At his trial in December, Warren plead for his life. He told how he suggested to his wife, on that warm June day, that they walk down to the brook that bordered the field he was plowing and encouraged her to take her shoes and stockings off to cool her feet in the water. Once they were in the stream, Warren seized Julia and held her head under the water until she breathed her last. He loaded her body into a borrowed wagon and, covering her with “sacks and bagging,” drove to the isolated place in Ellington where her body was later found. His confession earned Warren a sentence of life in prison instead of the gallows. He was five days past his 21st birthday.
John Warren spent the next 53 years in the Connecticut state penitentiary at Wethersfield. At that time, he was believed to have spent more time behind bars than any other prisoner in the nation. Once incarcerated, Warren became a model prisoner, learning the skills of a cobbler, working in the warden’s garden, and weaving baskets for sale. “He became a trusty in Wethersfield for years, and has won the confidence and sympathy of all the prison officials,” the Springfield Daily News reported. His repeated applications for parole were denied, however, until 1912, when he was finally granted his freedom by the Board of Pardons. He was 74 years old. Ironically, he asked that his release be delayed by a couple of days until he could train a replacement for his prison duties. John P. Warren, the wife-murderer, went to live with his brothers and died a few years after his release. He was buried in the Storrs Cemetery in his native town of Mansfield, Connecticut.

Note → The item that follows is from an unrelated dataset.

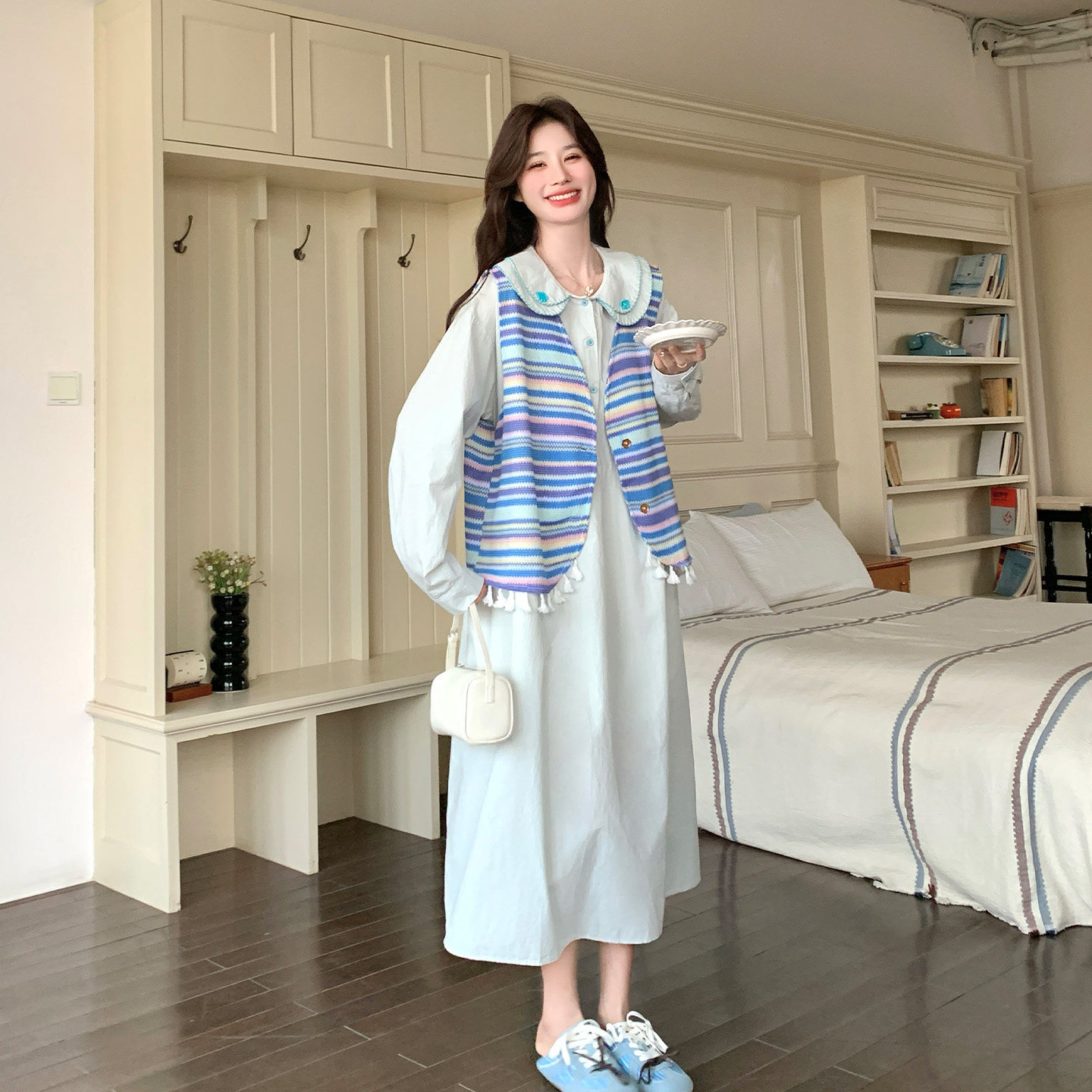 春季通勤百搭学院风娃娃领长袖连衣裙套装2026新款针织马甲两件套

So what happened to the rest of Julia’s family? Not surprisingly, the family’s poverty, the Civil War, and Julia’s tragic death combined to present a picture of fractured families, out-of-wedlock children, and infant deaths. Julia’s youngest sibling, Delia, died in Belchertown of consumption at age 21.
Her only brother, and the oldest sibling, was Harrison D. Town. Already the parents of a child, Harrison Town and Melissa Bolton married in 1861, before he joined the Union Army to fight in the Civil War. While he was away, both of his little children died. He returned in 1864 and rejoined his wife, who had been supported by Belchertown during the war. Melissa died three years later at age 29. Harrison remarried the following year and his second wife gave birth to a daughter, but the marriage didn’t last. He married for a third time and fathered two more children. Harrison Town died in 1894 and is buried in Rural Cemetery in Belchertown with his first wife and two infant children.
Mary was older than Julia by a couple of years. With a child on the way, Mary married David Lemon of Ludlow in 1858. The infant died. The couple had three more children, though, before Lemon joined the Union Army in August of 1862. Within three months of his enlistment, two more of his children had died in Belchertown. David was discharged for disability in 1863. Another child would be stillborn before David Lemon, himself, passed away in 1875. Only two of the couple’s children survived. Mary remarried in 1877 and had one more child, Harry Asher Chapin, who would, ironically, manage the Greenfield town poor farm.
Lucy, younger than Julia by about seven years, had a child out of wedlock in 1863 of whom nothing more is known after 1865. Lucy married in 1867 to David Tewell, a spinner in a woolen mill in Holyoke, where the couple lived for a time. The marriage lasted 35 years until David’s death in 1902, but apparently they had no children together.
Emily Town, the wayward sibling who spent part of her youth in reform school, seems to have led a relatively normal, if short, adult life. She apparently returned to Willington to marry Solomon Haskell of Coventry, Rhode Island, in 1864. The couple then moved to Providence and raised two boys to adulthood before she passed away in 1892 at age 46. Ironically, her body lies in the Storrs Cemetery in Mansfield – the same cemetery where her sister’s murderer was buried in 1916, having outlived them all.